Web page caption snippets
______

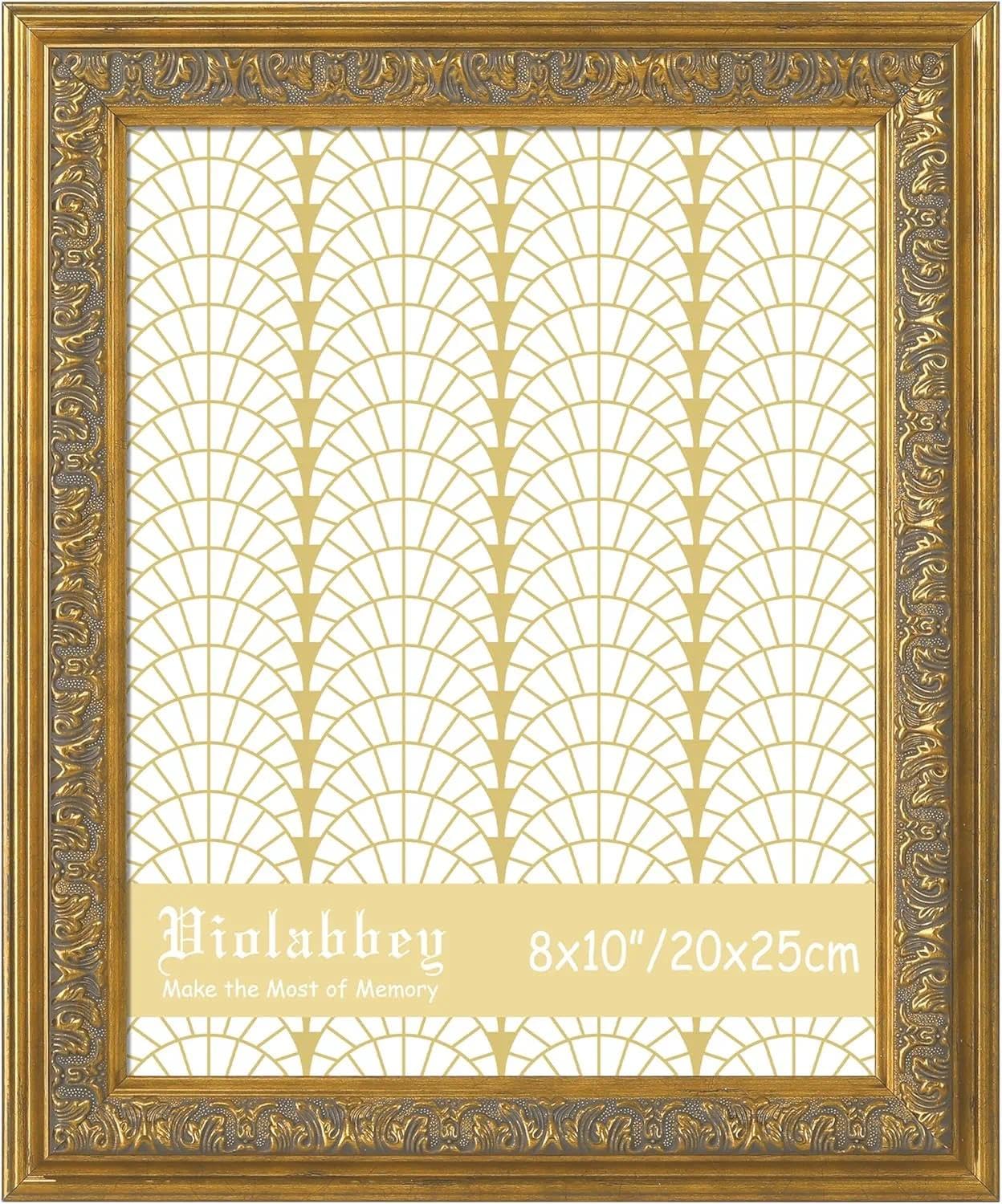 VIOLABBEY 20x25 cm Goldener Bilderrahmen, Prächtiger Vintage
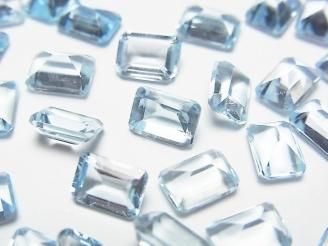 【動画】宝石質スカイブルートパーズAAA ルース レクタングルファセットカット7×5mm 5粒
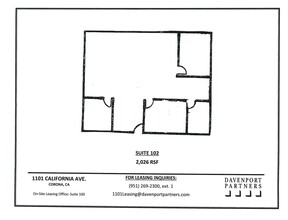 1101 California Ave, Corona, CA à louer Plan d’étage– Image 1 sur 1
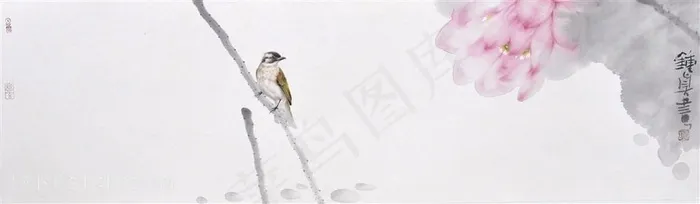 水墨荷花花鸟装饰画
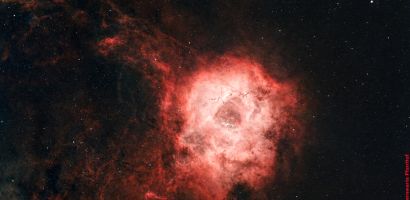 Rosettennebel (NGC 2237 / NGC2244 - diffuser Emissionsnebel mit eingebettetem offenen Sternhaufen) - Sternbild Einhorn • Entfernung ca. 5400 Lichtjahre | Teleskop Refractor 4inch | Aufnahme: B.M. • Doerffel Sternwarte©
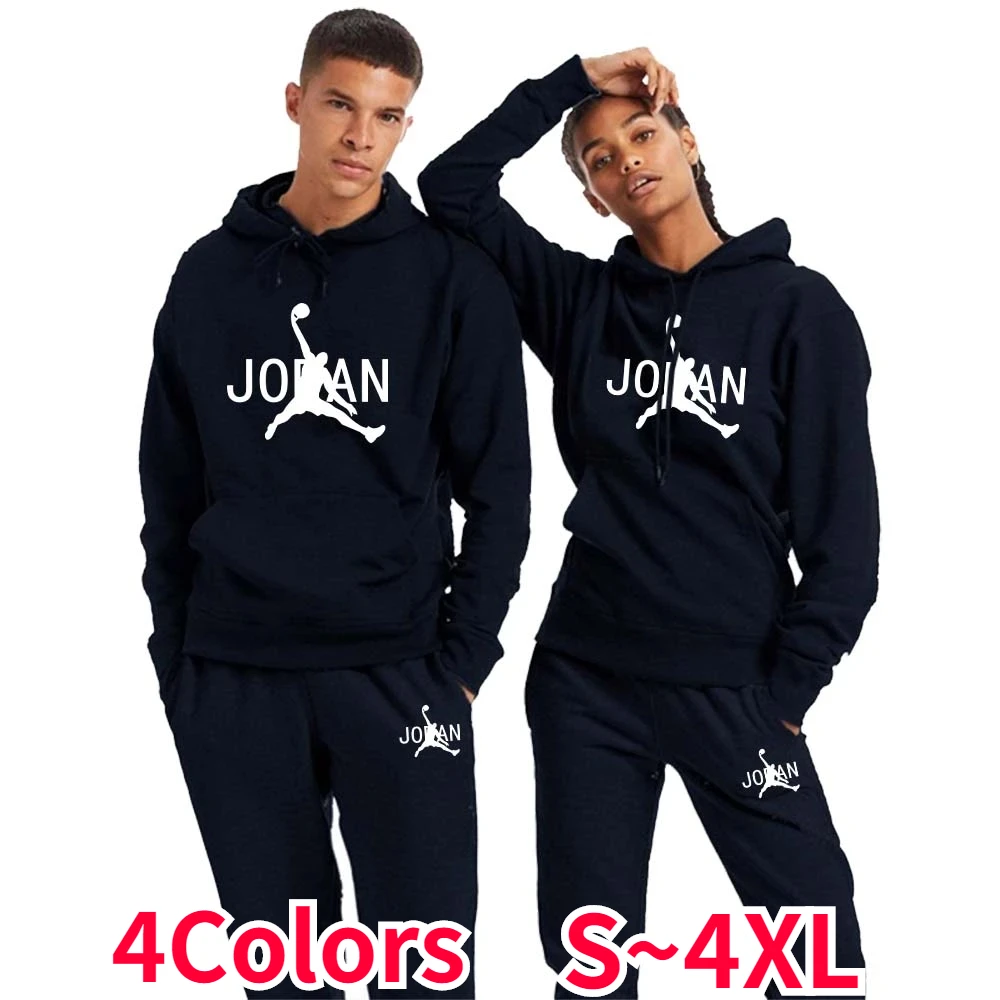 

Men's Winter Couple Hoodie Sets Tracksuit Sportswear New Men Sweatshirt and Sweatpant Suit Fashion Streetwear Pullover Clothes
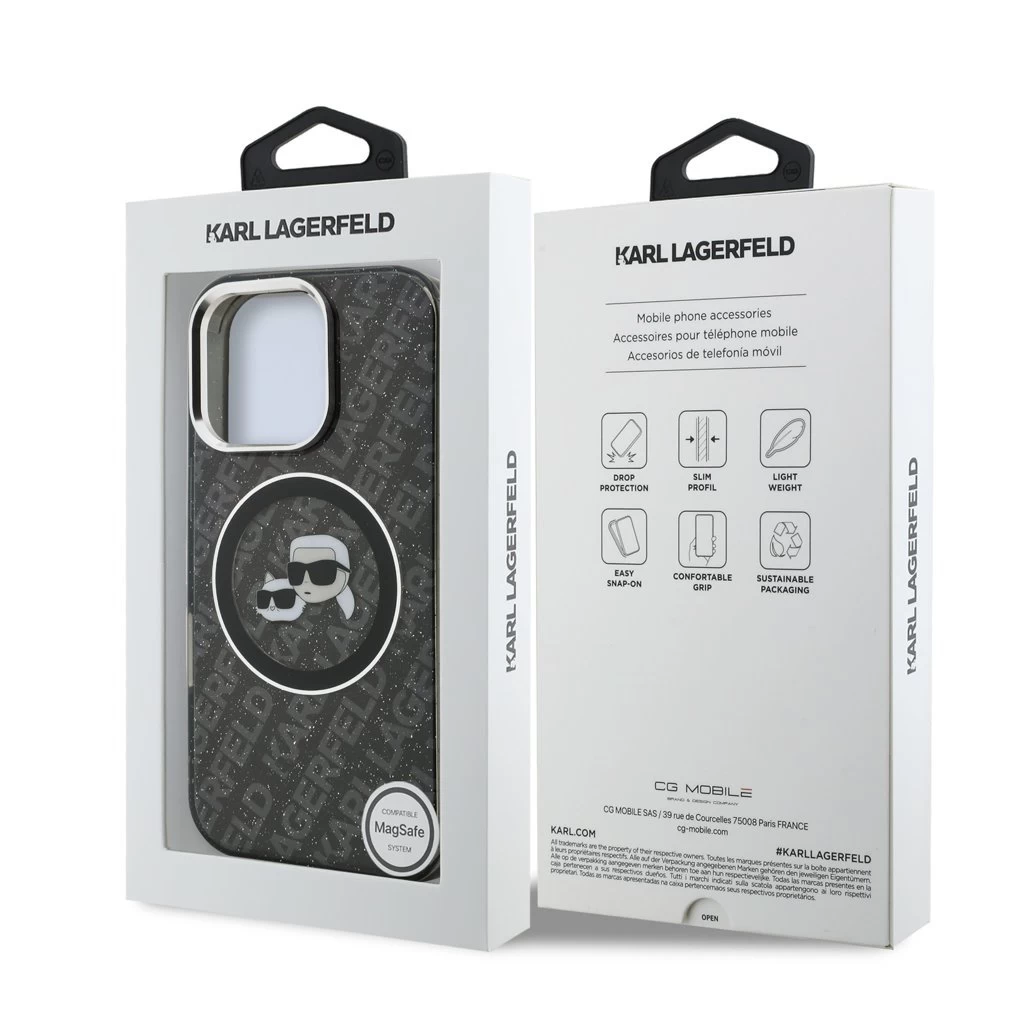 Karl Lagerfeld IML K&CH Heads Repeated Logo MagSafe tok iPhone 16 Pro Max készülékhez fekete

______

Give back each entry exactly as it appears. Leave pictures out.

 VIOLABBEY 20x25 cm Goldener Bilderrahmen, Prächtiger Vintage
 【動画】宝石質スカイブルートパーズAAA ルース レクタングルファセットカット7×5mm 5粒
 1101 California Ave, Corona, CA à louer Plan d’étage– Image 1 sur 1
 水墨荷花花鸟装饰画
 Rosettennebel (NGC 2237 / NGC2244 - diffuser Emissionsnebel mit eingebettetem offenen Sternhaufen) - Sternbild Einhorn • Entfernung ca. 5400 Lichtjahre | Teleskop Refractor 4inch | Aufnahme: B.M. • Doerffel Sternwarte©

Men's Winter Couple Hoodie Sets Tracksuit Sportswear New Men Sweatshirt and Sweatpant Suit Fashion Streetwear Pullover Clothes
 Karl Lagerfeld IML K&CH Heads Repeated Logo MagSafe tok iPhone 16 Pro Max készülékhez fekete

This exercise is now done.